President Obama pushed $457 billion worth of regulations to cut U.S. carbon dioxide emissions in an effort to make the fight against global warming a major part of his presidential legacy.

In 2008, then President-elect Obama said his victory marked “the moment when the rise of the oceans began to slow and our planet began to heal.” Most of Obama’s major global warming regulations and executive actions came in his second term, including his pledge to the United Nations to cut U.S. emissions 26 to 28 percent by 2025.

Obama’s climate agenda targeted coal-fired power plants, automobiles, oil and gas wells, household appliances and even cow flatulence. The cumulative effect of all his regulations cost $65 to reduce one ton of greenhouse gas emissions. These regulations will cost each American household close to $3700.

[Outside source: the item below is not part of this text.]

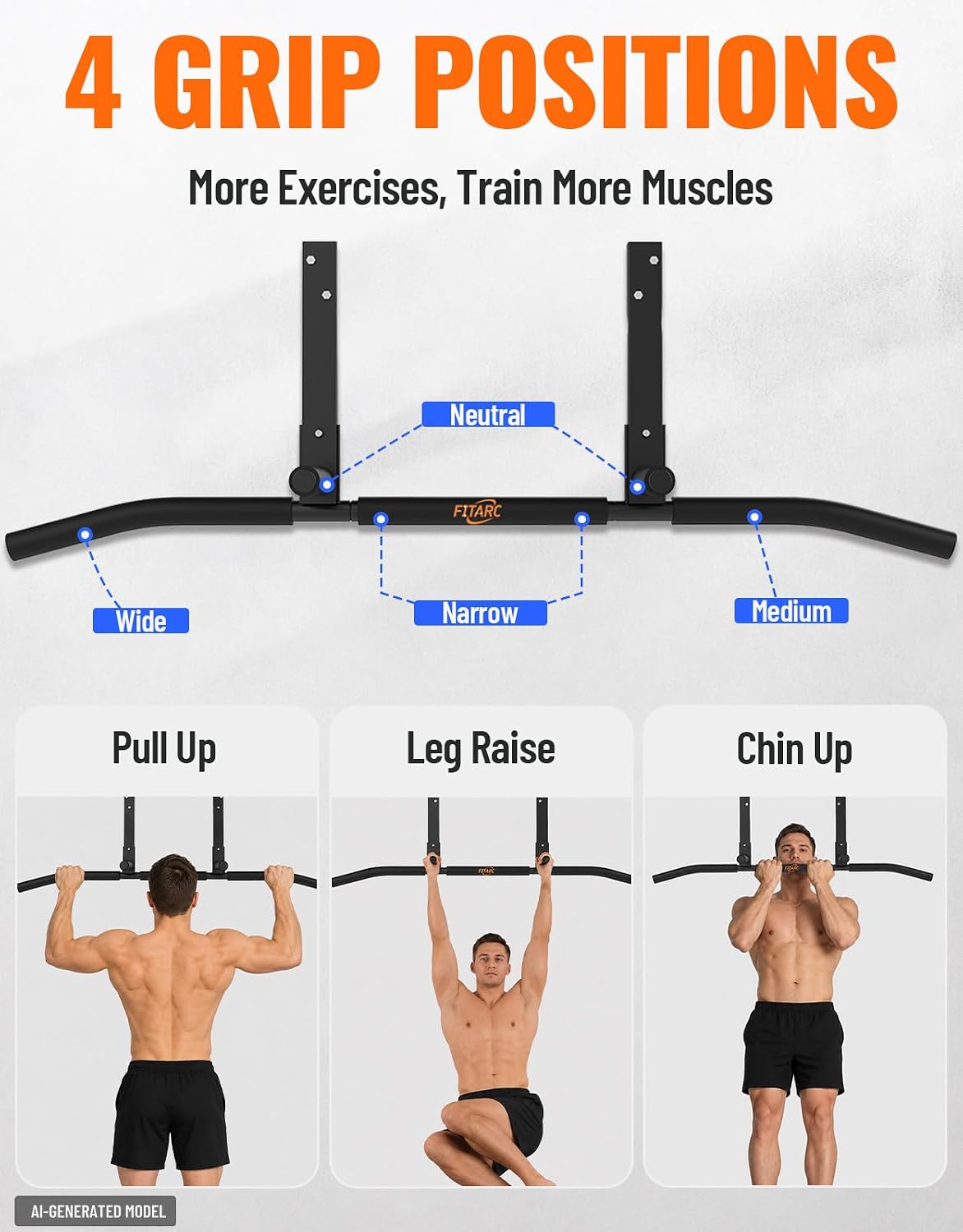 Detalle de Fitarc MPUB-1 Joist-Mount Pull-Up Bar with Padded Multi-Grip Handles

So, how much of an effect did these rules have on global warming?


In fact, the Obama administration’s own climate models project their regulations will only avert 0.03 degrees Celsius of warming by 2100.

That’s right, Obama imposed $457 billion worth of climate regulations to avert an immeasurable amount of warming.

Well, okay, that’s not completely right — it’s actually worse.

That figure assumes climate models accurately project CO2-induced warming, but there’s a lot of evidence building up that most climate models have over-predicted warming for the last six decades. If the models are running hot, that actually means Obama-era regulations will avert even less warming than three-hundredths of a degree.

In that case, they could literally have zero projected impact on future warming.